Potato gnocchi is a dumpling that is most often made of
potatoes and flour. They are a great
pasta substitute, with its ability to soak up almost any sauce and its chewy
texture. Potato gnocchi is available in
the refrigerated pasta section of most grocery stores so it makes for a quick
meal. Or you can make your own like
Sarah did here.
Giada de Laurentiis made this recipe on the Today Show last
year. I happened to see this recently
and immediately said I had to make it. It looked so yummy! She tends to make this dish as a macaroni and cheese substitute. After making it, I can see how this rich and
creamy dish can be an easy stand-in for the comfort food favorite.
Clearly this isn’t very healthy with all of the cream and
cheese. I lightened it up slightly by
using half and half instead of heavy cream (which is what the original recipe
calls for). It was so rich that I still
think I could cut back some of the fat by subbing some milk.

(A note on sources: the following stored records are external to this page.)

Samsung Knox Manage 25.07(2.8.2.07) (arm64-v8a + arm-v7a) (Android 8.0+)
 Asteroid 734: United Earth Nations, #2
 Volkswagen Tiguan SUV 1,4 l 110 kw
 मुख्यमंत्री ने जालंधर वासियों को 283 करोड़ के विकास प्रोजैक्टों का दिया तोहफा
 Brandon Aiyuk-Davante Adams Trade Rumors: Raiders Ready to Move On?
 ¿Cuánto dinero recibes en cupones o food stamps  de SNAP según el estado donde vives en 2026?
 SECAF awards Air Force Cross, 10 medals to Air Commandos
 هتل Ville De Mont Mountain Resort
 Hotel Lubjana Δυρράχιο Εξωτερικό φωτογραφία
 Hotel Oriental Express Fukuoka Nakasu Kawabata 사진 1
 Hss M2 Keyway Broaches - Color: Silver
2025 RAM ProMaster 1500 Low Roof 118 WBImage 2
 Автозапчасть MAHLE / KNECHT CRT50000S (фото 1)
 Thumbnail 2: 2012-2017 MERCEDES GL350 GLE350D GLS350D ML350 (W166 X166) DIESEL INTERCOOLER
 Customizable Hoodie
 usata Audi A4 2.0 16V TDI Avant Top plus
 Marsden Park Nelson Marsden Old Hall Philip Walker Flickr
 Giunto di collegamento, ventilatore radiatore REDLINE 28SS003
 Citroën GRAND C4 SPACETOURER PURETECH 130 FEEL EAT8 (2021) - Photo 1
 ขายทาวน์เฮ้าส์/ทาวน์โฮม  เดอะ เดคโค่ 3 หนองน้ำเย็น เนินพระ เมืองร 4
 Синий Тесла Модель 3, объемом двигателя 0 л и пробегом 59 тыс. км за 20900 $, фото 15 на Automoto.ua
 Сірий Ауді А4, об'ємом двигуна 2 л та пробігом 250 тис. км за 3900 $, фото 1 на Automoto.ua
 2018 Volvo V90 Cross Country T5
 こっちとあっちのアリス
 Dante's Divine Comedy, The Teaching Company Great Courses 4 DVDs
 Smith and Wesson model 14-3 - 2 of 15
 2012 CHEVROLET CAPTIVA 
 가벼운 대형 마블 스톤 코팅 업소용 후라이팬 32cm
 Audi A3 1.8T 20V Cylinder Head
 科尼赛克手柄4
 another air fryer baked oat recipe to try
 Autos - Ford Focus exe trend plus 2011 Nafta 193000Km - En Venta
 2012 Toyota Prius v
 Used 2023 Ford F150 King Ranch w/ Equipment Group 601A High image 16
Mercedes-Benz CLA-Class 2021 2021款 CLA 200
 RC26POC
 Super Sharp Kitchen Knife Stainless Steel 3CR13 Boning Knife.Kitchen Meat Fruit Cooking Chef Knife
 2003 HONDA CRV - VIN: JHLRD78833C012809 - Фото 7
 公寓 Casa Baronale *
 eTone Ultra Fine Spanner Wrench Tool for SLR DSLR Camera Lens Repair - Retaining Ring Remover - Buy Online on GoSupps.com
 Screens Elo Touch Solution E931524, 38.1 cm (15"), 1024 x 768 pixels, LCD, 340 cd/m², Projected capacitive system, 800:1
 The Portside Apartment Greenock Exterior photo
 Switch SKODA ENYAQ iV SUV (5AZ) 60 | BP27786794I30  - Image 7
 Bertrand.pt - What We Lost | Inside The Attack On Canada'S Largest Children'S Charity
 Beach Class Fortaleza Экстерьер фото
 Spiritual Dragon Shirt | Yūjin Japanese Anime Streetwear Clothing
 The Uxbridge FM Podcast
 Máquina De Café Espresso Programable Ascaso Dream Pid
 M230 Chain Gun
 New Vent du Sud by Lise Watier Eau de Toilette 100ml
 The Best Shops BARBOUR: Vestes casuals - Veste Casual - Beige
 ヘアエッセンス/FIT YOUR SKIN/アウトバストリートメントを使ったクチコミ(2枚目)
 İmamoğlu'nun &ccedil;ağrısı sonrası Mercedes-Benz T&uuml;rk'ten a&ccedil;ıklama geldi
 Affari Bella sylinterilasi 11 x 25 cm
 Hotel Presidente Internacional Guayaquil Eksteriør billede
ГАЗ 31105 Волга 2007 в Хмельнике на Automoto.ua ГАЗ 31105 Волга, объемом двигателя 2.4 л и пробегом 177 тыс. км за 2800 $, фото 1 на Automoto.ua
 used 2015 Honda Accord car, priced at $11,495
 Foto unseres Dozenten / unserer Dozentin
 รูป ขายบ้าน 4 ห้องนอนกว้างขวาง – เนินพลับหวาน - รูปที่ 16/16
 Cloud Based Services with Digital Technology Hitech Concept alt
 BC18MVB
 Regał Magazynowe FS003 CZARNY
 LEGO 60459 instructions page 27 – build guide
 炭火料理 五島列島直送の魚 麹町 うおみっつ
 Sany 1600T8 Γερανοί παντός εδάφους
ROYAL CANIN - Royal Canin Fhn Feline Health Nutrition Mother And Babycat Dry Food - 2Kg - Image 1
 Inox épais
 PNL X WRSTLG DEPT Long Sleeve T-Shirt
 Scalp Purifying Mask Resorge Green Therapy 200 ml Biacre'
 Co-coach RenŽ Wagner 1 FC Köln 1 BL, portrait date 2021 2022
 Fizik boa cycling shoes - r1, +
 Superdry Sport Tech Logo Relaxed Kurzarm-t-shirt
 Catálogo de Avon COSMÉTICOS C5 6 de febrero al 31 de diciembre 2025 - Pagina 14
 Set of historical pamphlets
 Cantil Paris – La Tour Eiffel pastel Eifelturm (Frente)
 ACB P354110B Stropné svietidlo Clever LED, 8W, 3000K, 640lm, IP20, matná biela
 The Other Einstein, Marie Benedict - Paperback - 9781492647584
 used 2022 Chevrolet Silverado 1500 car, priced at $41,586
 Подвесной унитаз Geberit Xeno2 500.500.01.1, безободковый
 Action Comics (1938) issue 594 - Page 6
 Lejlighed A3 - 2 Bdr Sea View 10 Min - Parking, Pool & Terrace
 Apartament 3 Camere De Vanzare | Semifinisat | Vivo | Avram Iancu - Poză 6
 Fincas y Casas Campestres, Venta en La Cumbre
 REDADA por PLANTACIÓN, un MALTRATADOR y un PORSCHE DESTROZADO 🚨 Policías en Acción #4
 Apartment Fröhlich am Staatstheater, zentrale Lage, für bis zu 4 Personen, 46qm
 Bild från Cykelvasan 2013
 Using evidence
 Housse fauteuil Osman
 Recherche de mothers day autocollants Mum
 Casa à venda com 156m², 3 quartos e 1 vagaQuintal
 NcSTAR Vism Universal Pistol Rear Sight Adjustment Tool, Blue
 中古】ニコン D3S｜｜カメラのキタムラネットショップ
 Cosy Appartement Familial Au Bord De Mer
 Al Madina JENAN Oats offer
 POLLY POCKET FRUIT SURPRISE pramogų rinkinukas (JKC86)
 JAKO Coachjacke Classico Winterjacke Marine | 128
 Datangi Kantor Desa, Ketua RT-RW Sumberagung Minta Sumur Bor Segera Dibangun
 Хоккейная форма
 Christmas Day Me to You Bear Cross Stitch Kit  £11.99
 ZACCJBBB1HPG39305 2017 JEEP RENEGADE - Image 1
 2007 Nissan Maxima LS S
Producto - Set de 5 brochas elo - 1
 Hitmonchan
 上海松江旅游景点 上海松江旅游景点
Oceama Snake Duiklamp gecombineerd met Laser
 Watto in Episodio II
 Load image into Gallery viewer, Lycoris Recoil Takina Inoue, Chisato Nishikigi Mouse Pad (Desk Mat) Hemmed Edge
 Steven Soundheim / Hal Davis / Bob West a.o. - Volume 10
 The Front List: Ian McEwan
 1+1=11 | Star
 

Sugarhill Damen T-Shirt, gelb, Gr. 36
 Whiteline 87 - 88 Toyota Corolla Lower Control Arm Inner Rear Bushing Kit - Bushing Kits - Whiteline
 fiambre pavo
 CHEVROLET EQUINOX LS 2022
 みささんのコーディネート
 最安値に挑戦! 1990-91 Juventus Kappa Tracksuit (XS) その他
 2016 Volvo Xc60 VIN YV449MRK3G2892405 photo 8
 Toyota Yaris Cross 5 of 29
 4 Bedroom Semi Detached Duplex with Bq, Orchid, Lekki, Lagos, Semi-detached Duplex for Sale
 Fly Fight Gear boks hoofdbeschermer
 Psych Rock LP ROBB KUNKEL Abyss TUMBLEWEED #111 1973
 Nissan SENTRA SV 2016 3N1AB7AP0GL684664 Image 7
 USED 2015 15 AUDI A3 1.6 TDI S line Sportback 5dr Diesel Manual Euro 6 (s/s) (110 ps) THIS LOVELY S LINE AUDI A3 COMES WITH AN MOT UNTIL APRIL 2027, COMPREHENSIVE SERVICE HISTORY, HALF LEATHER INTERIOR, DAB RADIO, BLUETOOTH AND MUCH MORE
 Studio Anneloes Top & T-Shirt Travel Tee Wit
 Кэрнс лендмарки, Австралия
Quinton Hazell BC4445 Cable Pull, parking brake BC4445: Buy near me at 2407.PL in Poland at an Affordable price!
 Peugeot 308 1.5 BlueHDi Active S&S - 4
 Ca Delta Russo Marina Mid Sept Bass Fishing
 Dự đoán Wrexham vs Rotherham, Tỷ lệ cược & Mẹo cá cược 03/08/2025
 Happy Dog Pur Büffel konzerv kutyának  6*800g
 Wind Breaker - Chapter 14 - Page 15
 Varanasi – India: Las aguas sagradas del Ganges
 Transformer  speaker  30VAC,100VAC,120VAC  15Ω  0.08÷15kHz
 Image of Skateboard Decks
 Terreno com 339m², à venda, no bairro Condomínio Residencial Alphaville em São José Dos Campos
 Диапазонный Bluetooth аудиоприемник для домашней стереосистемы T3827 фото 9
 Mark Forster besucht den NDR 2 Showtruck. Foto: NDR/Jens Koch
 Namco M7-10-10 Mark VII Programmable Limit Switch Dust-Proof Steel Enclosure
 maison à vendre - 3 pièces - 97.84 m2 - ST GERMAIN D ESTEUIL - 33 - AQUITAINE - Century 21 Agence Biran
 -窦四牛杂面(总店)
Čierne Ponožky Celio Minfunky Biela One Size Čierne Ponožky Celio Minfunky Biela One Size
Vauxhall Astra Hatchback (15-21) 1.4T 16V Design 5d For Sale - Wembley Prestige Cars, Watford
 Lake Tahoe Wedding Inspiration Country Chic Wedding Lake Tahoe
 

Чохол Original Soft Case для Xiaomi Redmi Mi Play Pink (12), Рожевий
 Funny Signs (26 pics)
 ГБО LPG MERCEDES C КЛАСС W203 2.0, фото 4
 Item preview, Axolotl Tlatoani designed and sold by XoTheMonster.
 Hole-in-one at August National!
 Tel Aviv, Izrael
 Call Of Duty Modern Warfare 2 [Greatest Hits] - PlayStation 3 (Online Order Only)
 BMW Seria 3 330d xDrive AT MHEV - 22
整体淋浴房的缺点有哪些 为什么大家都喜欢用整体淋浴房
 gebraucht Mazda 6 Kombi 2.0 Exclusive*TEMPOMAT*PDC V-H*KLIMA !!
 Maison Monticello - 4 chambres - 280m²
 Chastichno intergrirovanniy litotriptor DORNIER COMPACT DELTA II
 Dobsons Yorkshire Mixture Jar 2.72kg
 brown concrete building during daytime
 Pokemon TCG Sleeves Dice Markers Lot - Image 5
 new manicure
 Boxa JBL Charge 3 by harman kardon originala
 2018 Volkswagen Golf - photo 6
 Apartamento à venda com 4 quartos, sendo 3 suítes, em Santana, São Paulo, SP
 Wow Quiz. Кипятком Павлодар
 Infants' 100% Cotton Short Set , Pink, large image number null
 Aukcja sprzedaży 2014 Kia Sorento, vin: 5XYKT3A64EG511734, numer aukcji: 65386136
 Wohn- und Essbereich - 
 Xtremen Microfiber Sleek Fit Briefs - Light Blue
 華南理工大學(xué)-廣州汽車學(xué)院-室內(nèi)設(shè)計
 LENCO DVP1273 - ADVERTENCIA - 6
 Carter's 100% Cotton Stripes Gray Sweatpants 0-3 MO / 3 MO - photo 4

Some other minor modifications I made was to
use chicken stock instead of broth, adding more seasoning, and topping with
Italian seasoning. Personally, if you're on a diet, I recommend just cutting back the portion instead of the fat because it's worth every bit of it!
Baked Gnocchi
*slightly modified
from Giada de Laurentiis
2-17oz packages potato gnocchi
3c half and half
1c chicken stock
¼ c flour
1 tsp kosher salt
1 tsp black pepper
½ tsp grated nutmeg
12 oz baby spinach
1/3 c crumbled goat cheese
½ c grated Parmesan
½ tsp Italian seasoning
Preheat oven to 400F.
Place gnocchi in a 13x9” baking dish lightly coated in cooking
spray. Set aside.
In a medium saucepan, whisk together the half and half,
chicken stock, and flour over medium heat.
Continue whisking until the sauce is simmering and thickened, about 5
mins. Add the salt, pepper, and
nutmeg. Stir and taste for
seasoning. Add seasoning as needed. Add spinach and toss to coat in the sauce.
Note: I only had about
8 or 9 oz of spinach at home so I used what I had. Therefore, the pictures may be a little
lighter on spinach than what yours would be at home. Next time I will definitely ensure I have
enough spinach because it adds a flavor element and at least one healthy element
to the dish.
Pour the sauce mixture evenly over the gnocchi and spread
spinach out evenly. Top with goat cheese,
Parmesan, and Italian seasoning. Bake until
top is lightly golden, about 30 mins.